In the post-electoral period of healthy introspection and soul searching the political parties are going through, the explanation behind the new Nationalist Party majority in the country must not be ignored, especially by Labour.

The electoral result indicates that Labour's reliance on the MEP elections and the local council results as a prediction of the 2008 general election outcome was, to say the least, premature if not an outright political blunder.

Many were those Labourites, even within the party's structure, who privately referred to the string of positive results at the European and local council level as a confirmation of their electoral strategy to win the 2008 general election. Each round of local election results was interpreted as a confirmation of a swing in Labour's direction.

In fact it was not. It was an indication of an electorate on the move, capable of giving different messages according to the type of election contested. In fact, Alternattiva Demokratika obtained nine per cent of the first preferences in the European election against one per cent at the 2008 general election.

Many considered the Nationalist victory of 2003 as the fulfilment of the second Fenech Adami majority (1998-2003). It became an electorate in search of a new mission.

Eddie Fenech Adami had given new life to his first majority by injecting the EU mission into his party, creating a new majority firmly rooted around the central issue of what Malta was to be for the next generation: Partnership or EU. The 1998 majority gave the PN a national mandate to enter the EU followed up by the 2003 result which defended the yes verdict at the EU referendum. The majorities the PN obtained in some of the key districts reached historic levels.

Many within the PN thought that entry into the EU and a brand new leader meant the 2004 European election was going to be a walkover. In fact, the opposite happened.

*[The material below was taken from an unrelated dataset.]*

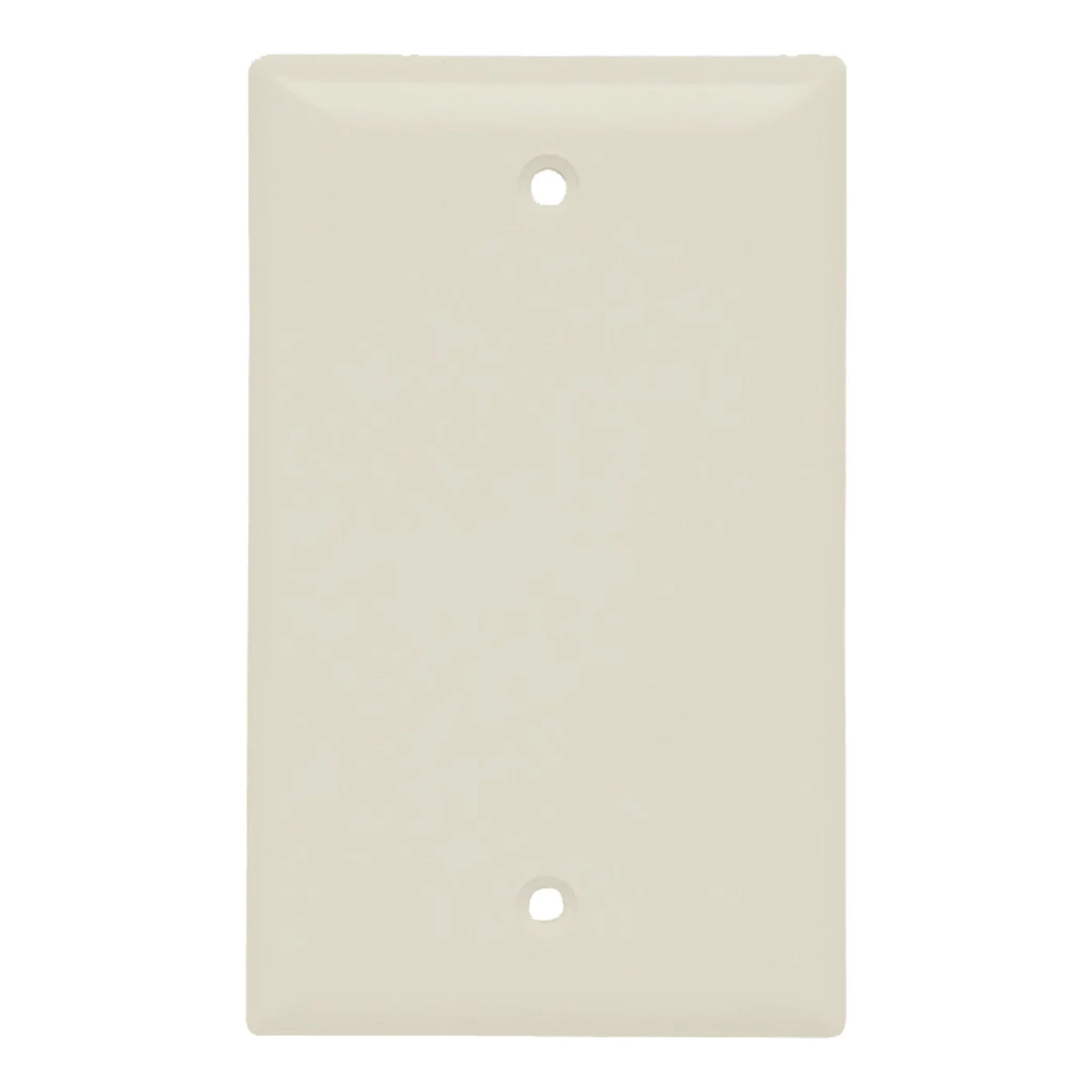 Wavenet FP00PIV Blank Single Gang Keystone Wallplate - Ivory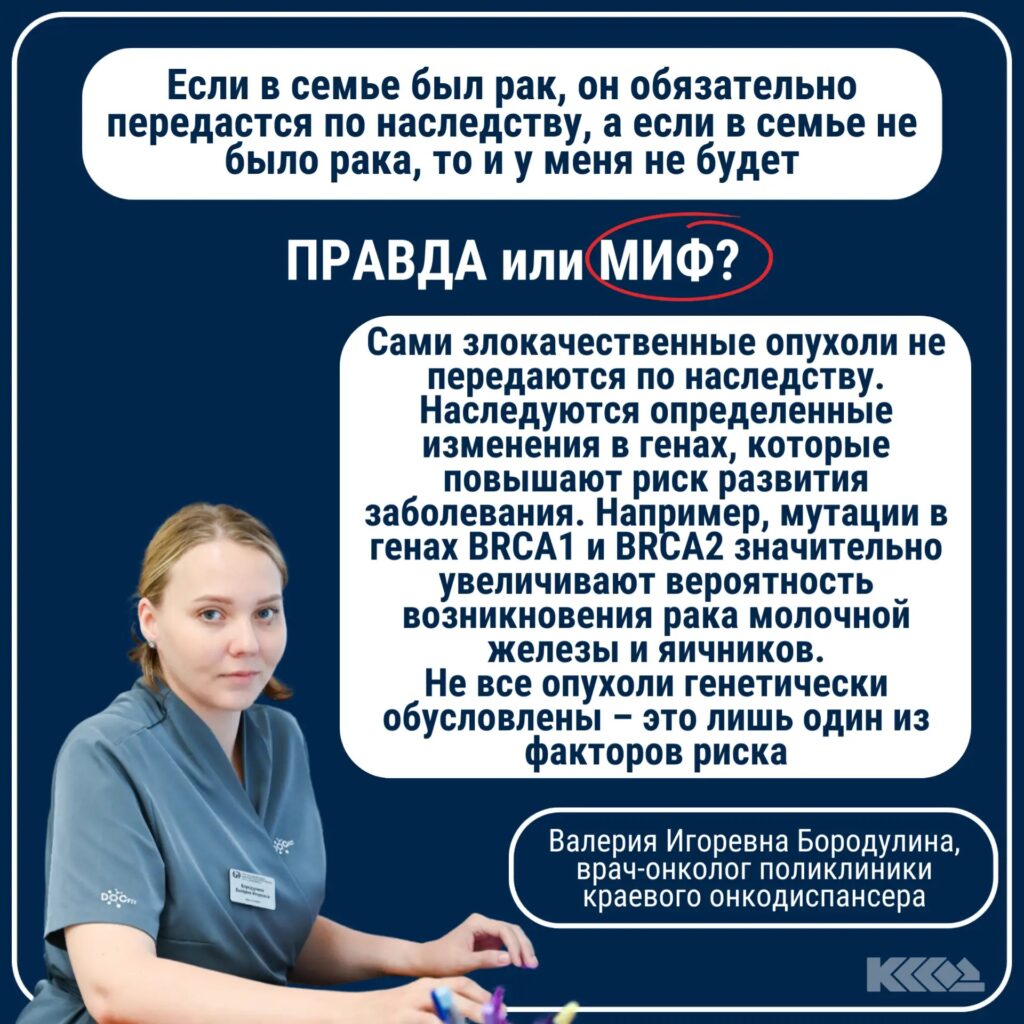 Онколог разбирает главные мифы о раке молочной железы, в которые пора перестать верить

Labour unexpectedly returned three candidates against two for the PN. This was the first sign that the electorate was on the move and also that the electorate was adjusting to the new electoral realities where the voter would feel free to vote differently at the local elections or the European Parliament elections as compared to the general election.

Labour fatally misunderstood this message. It gave the MLP the false security that they were electable with the old leadership. It also convinced Labour strategists to put their EU differences under the carpet by adopting the unconvincing "partnership was right but..." compromise which exploded in their faces when their leader looked more and more eurosceptic as the electoral campaign progressed.

On the contrary, the European election result and a string of disappointing results at the local council elections served as rallying calls for the Prime Minister and his party to ask the electorate to give Lawrence Gonzi his first popular mandate marking the transition from the Fenech Adami majority to a new majority.

It explains why Dr Gonzi became the first Prime Minister to be returned to office with a majority in the country notwithstanding entering into the shoes of an incumbent Prime Minister.

More fundamentally, up till now no Prime Minster managed to keep a majority for more than the natural 10-year cycle, the Borg Olivier (1962-1971), Mintoff (1971-1981) and Fenech Adami (1987-1996 and 1998-2003) majorities included.

The third consecutive PN majority is proof that the electorate has moved on once more and that the new Gonzi majority is a reality.